PANCASILA |
Problema
Sila Kelima Pancasila
Pancasila
merupakan falsafah dan sumber hukum bagi segala kebijakan yang menjadi rujukan
penyelenggaraan negara. Sebagai falsafah dan sumber hukum, Pancasila juga
memuat tujuan (causa finalis) kebernegaraan Indonesia.
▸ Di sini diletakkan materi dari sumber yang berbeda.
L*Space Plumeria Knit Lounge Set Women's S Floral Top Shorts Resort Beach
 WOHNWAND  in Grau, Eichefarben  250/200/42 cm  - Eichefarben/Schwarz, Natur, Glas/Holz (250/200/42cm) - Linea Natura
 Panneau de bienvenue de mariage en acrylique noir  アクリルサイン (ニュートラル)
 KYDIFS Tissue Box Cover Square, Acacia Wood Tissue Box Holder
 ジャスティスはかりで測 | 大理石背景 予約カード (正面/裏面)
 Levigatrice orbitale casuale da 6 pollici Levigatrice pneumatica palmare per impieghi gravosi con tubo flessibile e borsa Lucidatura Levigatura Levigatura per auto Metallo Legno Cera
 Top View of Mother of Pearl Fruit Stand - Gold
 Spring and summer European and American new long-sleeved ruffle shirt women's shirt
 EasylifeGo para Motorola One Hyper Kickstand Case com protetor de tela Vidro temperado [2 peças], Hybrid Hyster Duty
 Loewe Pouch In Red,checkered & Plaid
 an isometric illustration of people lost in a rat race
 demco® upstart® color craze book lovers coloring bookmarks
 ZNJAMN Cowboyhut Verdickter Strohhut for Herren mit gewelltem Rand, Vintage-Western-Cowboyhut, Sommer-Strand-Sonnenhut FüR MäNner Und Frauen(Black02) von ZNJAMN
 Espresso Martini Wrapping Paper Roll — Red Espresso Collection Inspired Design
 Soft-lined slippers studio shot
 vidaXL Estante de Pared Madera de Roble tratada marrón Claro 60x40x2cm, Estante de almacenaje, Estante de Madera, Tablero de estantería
Puncak tujuan/cita-cita
perjuangan itu termuat dalam Sila kelima yakni, “Negara harus mewujudkan
keadilan sosial bagi seluruh negara Indonesia.”
Pokok pikiran
Sila Kelima ini merupakan suatu tujuan atau cita-cita luhur yang ingin dicapai
dalam Pembukaan UUD 1945 dan merupakan suatu causa finalis (sebab tujuan),
sehingga dapat menentukan jalan serta aturan-aturan mana yang harus
dilaksanakan dalam Undang-Undang Dasar untuk sampai pada tujuan tersebut; Keadilan
Sosial Bagi Seluruh Rakyat Indonesia.
Sejauh
perjalanan bangsa ini dengan Pancasila sebagai weltanschauung-nya (Falsafah),
kita mungkin bisa merenung sejauh apa kita telah berjalan di atas kaidah-kaidah
yang mestinya merupakan penjabaran Pancasila dalam berbangsa dan bernegara. Dan
sudah seberapa jauh goal bangsa kita (Sila Kelima) ini kita capai?
Kerisauan
melihat semakin merebaknya kekerasan, permusuhan dan intoleranansi menunjukan
bahwa kemanusian yang adil dan beradab serta persatuan Indonesia yang dijiwai
nilai-nilai Ketuhanan belumlah tersarikan dalam kehidupan berbangsa dan
bernegara kita. Ketimpangan penegakan hukum, UU pro kapitalis, kapitalisasi di segala lini kehidupan, kesenjangan
kesejahteraan sosial ekonomi, dan lain sebagainya, mengindikasikan bahwa kita
belum benar-benar berjalan di atas jalan yang benar, jalan yang lurus sesuai Pancasila.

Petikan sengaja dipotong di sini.